The Tale of Freddie Firefly by Arthur Scott Bailey
XX. Mrs. Ladybug's Advice
Finding himself face to face with Mrs. Ladybug one night in Farmer Green's meadow, Freddie Firefly noticed, even before she spoke, that the little lady was not in a cheerful mood. In fact, she frowned at him darkly and pointed one of her knitting needles straight at him as she began to speak.
"You're terribly careless with that light of yours," she said. "People are always warning me that my house is on fire and telling me that I'd better hurry home. Now--" she added--"now I think I've discovered the reason why my friends are forever worrying about fire. No doubt when they give me such advice they have seen you prowling around my house with that light of yours; and they think that if you haven't already set my house on fire, you're just a-going to."
When Freddie Firefly saw that Mrs. Ladybug was making Benjamin Bat's mistake of thinking that his light could start a blaze, he had to smile.

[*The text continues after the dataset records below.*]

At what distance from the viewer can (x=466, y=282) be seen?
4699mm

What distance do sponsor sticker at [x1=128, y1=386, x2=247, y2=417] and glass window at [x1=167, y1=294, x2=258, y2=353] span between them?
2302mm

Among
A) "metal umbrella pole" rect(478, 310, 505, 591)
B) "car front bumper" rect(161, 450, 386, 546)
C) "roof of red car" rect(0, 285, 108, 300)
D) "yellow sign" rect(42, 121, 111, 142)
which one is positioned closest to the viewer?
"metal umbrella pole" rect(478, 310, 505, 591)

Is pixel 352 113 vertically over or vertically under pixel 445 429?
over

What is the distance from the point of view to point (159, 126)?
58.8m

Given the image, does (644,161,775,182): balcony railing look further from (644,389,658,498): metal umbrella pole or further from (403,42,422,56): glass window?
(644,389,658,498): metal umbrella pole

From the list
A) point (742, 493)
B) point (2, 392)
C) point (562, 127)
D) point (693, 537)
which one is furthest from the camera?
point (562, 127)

"Nonsense!" he cried. "I'm always very careful, Mrs. Ladybug, when I'm near your house. You know that I wouldn't want your charming children to burn up."

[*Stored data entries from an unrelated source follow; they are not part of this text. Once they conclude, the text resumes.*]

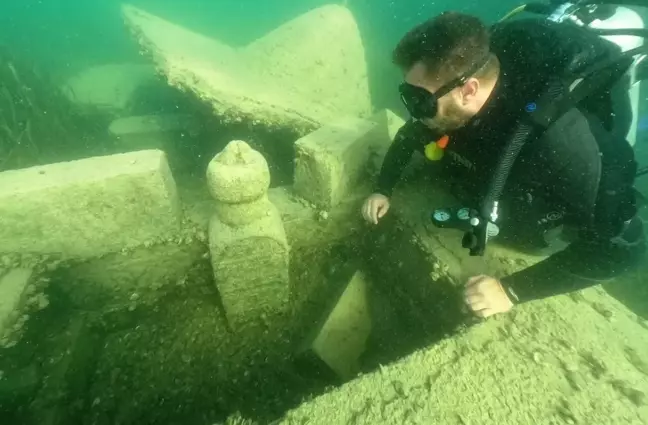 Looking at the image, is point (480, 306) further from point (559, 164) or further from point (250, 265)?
point (250, 265)

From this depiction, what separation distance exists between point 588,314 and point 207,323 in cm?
297

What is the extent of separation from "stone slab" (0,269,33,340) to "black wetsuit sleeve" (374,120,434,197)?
264cm

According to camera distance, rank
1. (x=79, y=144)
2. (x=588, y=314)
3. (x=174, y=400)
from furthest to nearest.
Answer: (x=79, y=144) → (x=174, y=400) → (x=588, y=314)

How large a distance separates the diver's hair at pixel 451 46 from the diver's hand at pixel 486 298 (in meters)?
1.23

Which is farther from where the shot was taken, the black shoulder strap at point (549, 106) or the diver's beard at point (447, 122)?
the diver's beard at point (447, 122)

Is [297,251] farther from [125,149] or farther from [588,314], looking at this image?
[125,149]

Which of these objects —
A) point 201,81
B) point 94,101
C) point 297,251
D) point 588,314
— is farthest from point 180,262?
point 94,101

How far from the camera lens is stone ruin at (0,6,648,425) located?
1909mm

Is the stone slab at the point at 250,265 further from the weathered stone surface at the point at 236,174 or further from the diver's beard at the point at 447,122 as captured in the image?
the diver's beard at the point at 447,122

And now Mrs. Ladybug pointed her other knitting needle at Freddie.
"Well, if you're not careless, you're silly, anyhow," she snapped. "I wouldn't object so much to your light if only you'd put it to some good use. But as long as I've known you--and that's several weeks--I've never seen you do anything but caper about the meadow and dance." And then Mrs. Ladybug began to knit furiously, as if to show Freddie Firefly that she was never idle, even if she did spend a good deal of time away from home. "Do you intend always to fritter your nights away as you do now?" she inquired.
"What else could I do? I should like to know--" Freddie began.
"Why not use your light in some kind of work?" Mrs. Ladybug asked him.
"What work, I should like to know--" Freddie said. And since Mrs. Ladybug did not at once answer him, he added: "I don't believe you can suggest anything--can you?"
"Oh, yes, I can!" she declared quickly. "I was thinking. That's why I didn't reply sooner. Probably you don't know that I have helped many youngsters to begin to work. For instance, it was I that told Daddy Longlegs to help Farmer Green with his harvesting." Little Mrs. Ladybug felt so proud of herself that she dropped a stitch without noticing it.
"Daddy Longlegs! He's not young!" Freddie Firefly exclaimed.
"Oh! yes, he is! He's not so old as you think," Mrs. Ladybug replied. "He's just about your age. And if he can work, you certainly can."
"But I didn't know that Daddy Longlegs was working for Farmer Green," Freddie Firefly said.
"He tried to, one day. But the wind blew too hard. ... It wasn't really Daddy's fault," Mrs. Ladybug explained. "And you ought not to attempt to work on windy nights, either," she went on. "For your light might go out, and then there'd be a terrible accident."